Serve open-source LLMs on Google Cloud

Google Cloud is dedicated to providing customers with the best technologies, whether they are powered by Google’s own advancements or come from our open source community. We have over 100 open-source models in Vertex AI’s Model Garden, including Meta’s Llama 2 and Code-Llama.

Today, we are excited to announce an updated LLM-efficient serving solution that improves serving throughput in Vertex AI. Our solution is built on the popular open-source vLLM libraries and is competitive with the current state-of-the-art LLM serving solutions in the industry.

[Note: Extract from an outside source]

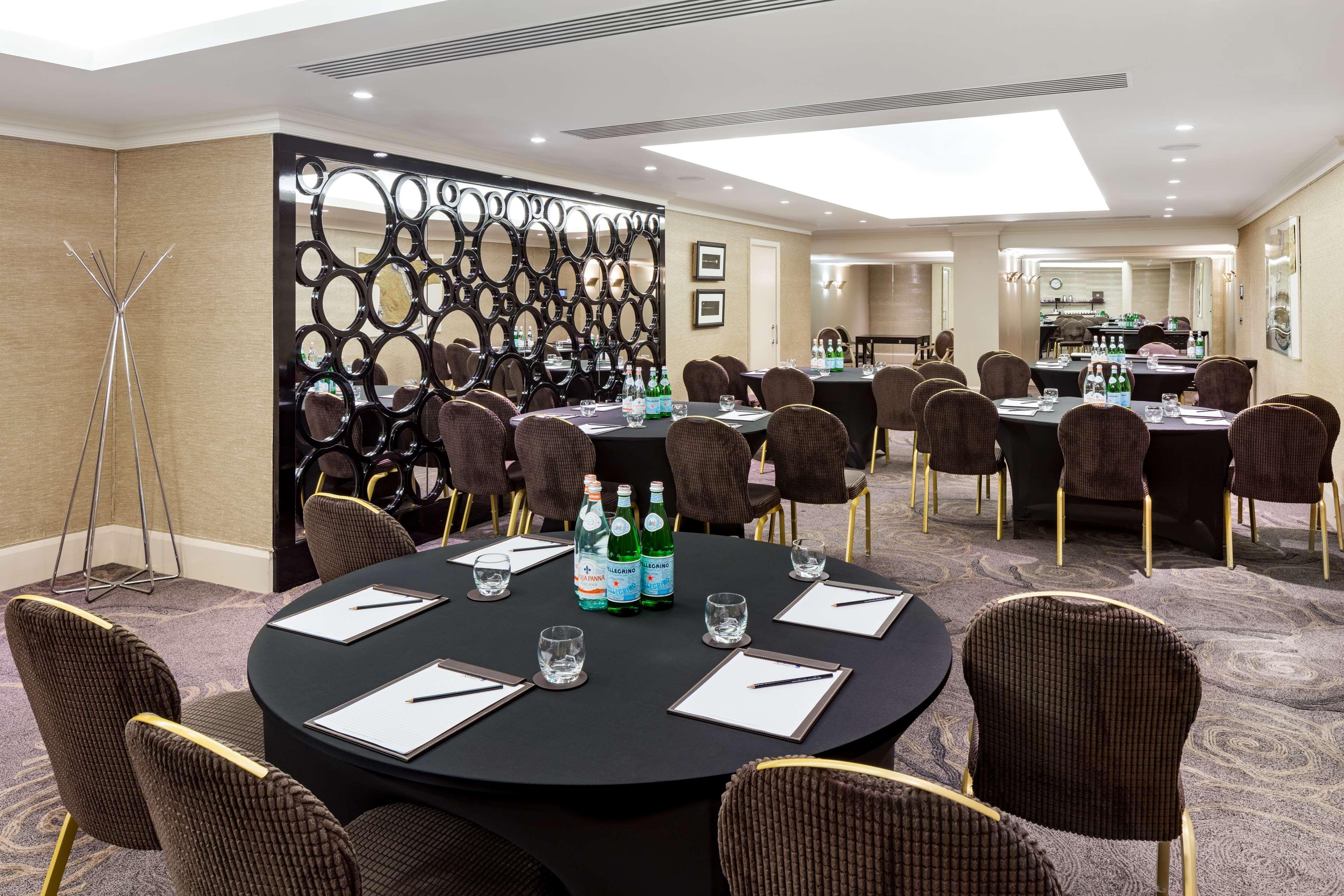 Radisson Blu Hotel, Euston Square 4*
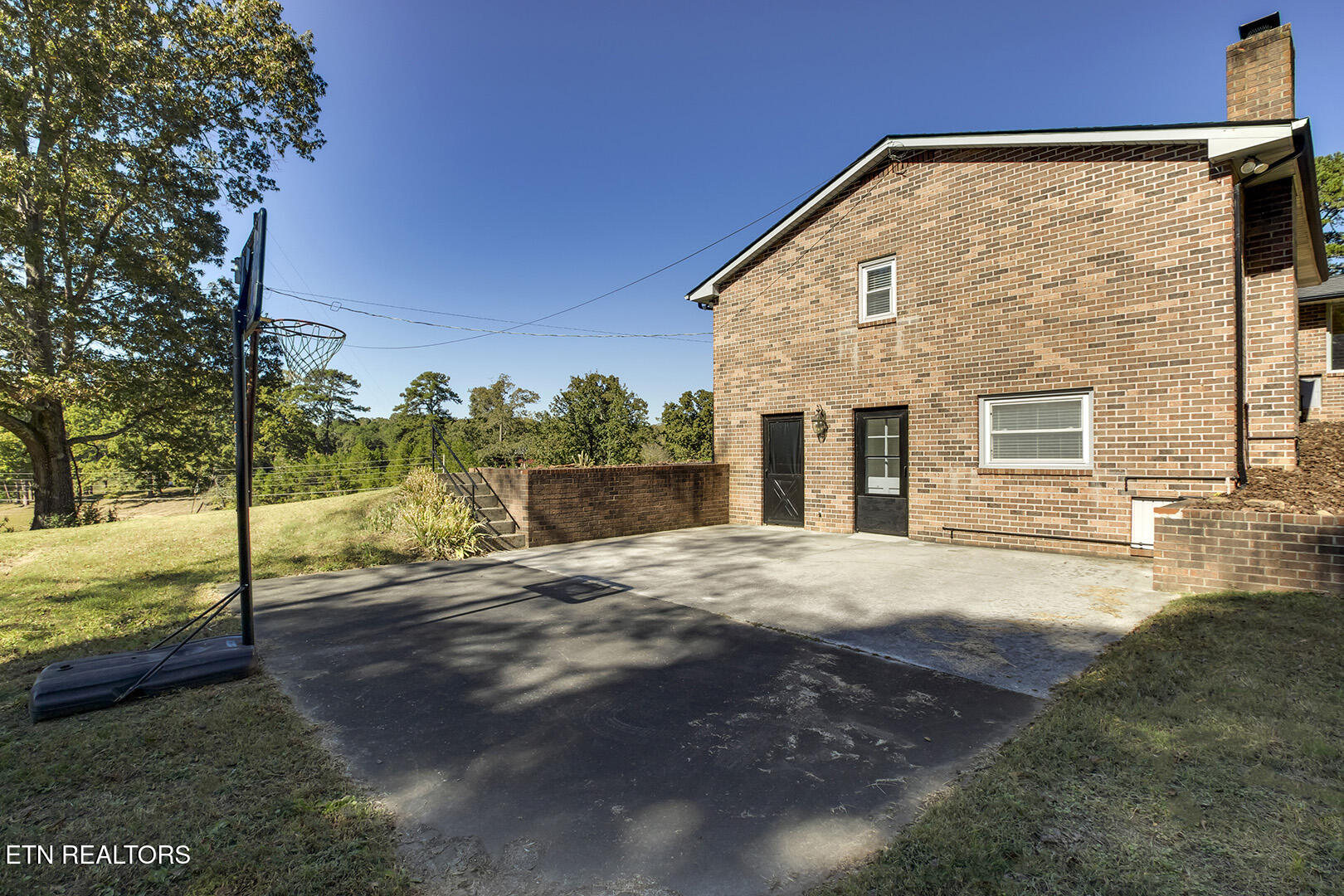 1050 Lawnville Road Kingston TN 37763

In this blog, we will describe our solution in detail with benchmark results and provide you with the Colab notebook example to help you get started.

Our solution

Our solution is based on the integration of the state-of-the-art open-source LLM serving framework vLLM, which includes features such as:

Optimized transformer implementation with PagedAttention
Continuous batching to improve the overall serving throughput
Tensor parallelism and distributed serving on multiple GPUs

We conducted benchmark experiments of our solution on Vertex AI, where we fully reproduced the benefit of vLLM on Vertex AI Online Prediction. The benchmark results are below.

We used OpenLLaMA 13B, the open-sourced reproduction of Llama, as our model architecture for evaluation. We compared our serving solution (Vertex Model Garden vLLM) with HuggingFace Transformers (HF Transformers), the most popular LLM library and HuggingFace Text Generation Inference (HF TGI), another state-of-the-art LLM serving library but not open sourced. We sampled 1000 prompts of different input/output lengths in the ShareGPT dataset and measured the serving throughput.

From our benchmark results, the Vertex AI serving stack achieved up to 19X higher throughput compared to HF Transformers and on par performance with the state-of-the-art HF TGI. This means that users can serve more requests at a lower cost. We also showed that it is possible to serve LLMs using multiple GPUs in a single node and included these benchmark results. We further tested the same solution on the latest Llama 2 and Code Llama and it produced similar results.